I used OCR to turn some scans into plaintext, but unfortunately the letters 'fi' which are commonly joined in some fonts, got read in as capital W's. Now I need to replace all the W's with 'fi', and these can easily be distinguished by the fact that a capital W does not ever occur in the middle of a word in true English. So, I need a sed one-liner that replaces all word-medial capital W's with the letters fi.
A capital W doesn't occur at the end of a word either, but it may occur in an all-caps abbreviation. So I'd replace
W when it's immediately after a lowercase letter, or when it follows an uppercase letter and precedes a lowercase letter (aWre).

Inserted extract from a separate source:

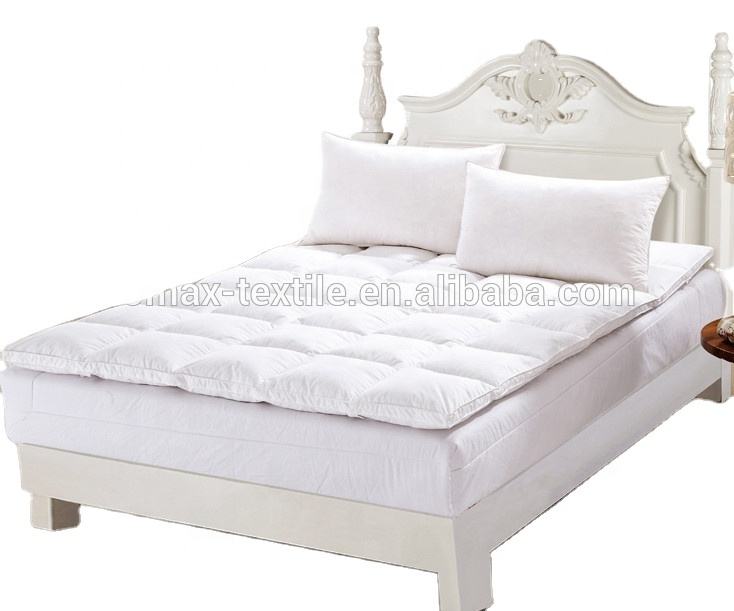 Title: Luxurious Duck Feather Bed: The Ultimate in Comfort and Quality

sed -e 's/\([[:lower:]]\)W/\1fi/g' -e 's/\([[:alpha:]]\)W\([[:lower:]]\)/\1fi\2/g'
This doesn't cover
fifi (which my biggest word list only finds it in “fifing”). More importantly, this doesn't cover
W at the beginning of a word; you can capture some cases by looking at the second letter, but that's still going to miss many words that begin with
fi. In English, many letters never appear after a W:
… -e 's/\([^[:alnum:]]\)W\([b-dfgj-npqstv-xz]\)/\1fi\2/g' \ -e 's/^W\([b-dfgj-npqstv-xz]\)/fi\2/'
For more precise results and to cope with other languages, you can switch to a more complex dictionary-based approach (which fancy OCR systems often use, evidently yours isn't fancy enough).
A quick and simple answer that should solve most cases is:
sed "s/\([^ ]\)W\([^ ]\)/\1fi\2/"
This will replace any
W that is does not have a space before or after it with
fi. It catches the error in these simple test cases:
$ echo "blah blah blah trafWc" | sed "s/\([^ ]\)W\([^ ]\)/\1fi\2/" blah blah blah traffic $ echo "blah blah blah Wallaby" | sed "s/\([^ ]\)W\([^ ]\)/\1fi\2/" blah blah blah Wallaby
However, it won't capture things such as:
$ echo "blah blah blah Wnger" | sed "s/\([^ ]\)W\([^ ]\)/\1fi\2/" blah blah blah Wnger
As you can see this should have changed to finger. So unfortunately you'll still need to check for those.
The guys have already covered the basic
sed stuff, but there are a couple more things you could do to help your text along.
The first is to train your OCR program to recognize these in the first place. Most OCR systems have some sort of system to teach it new letters and learn from common mistakes like this one. If your corpus is big enough to need to to search and replaces like this, it should be big enough to teach the OCR engine not to make that mistake.
Secondly, you can run your text through a spell check engine. Many OCR programs include this step as part of an internal self check, a sort of "does this word even make sense transcribed this way". You can certainly do this yourself as a way of validating that everything got sanely converted.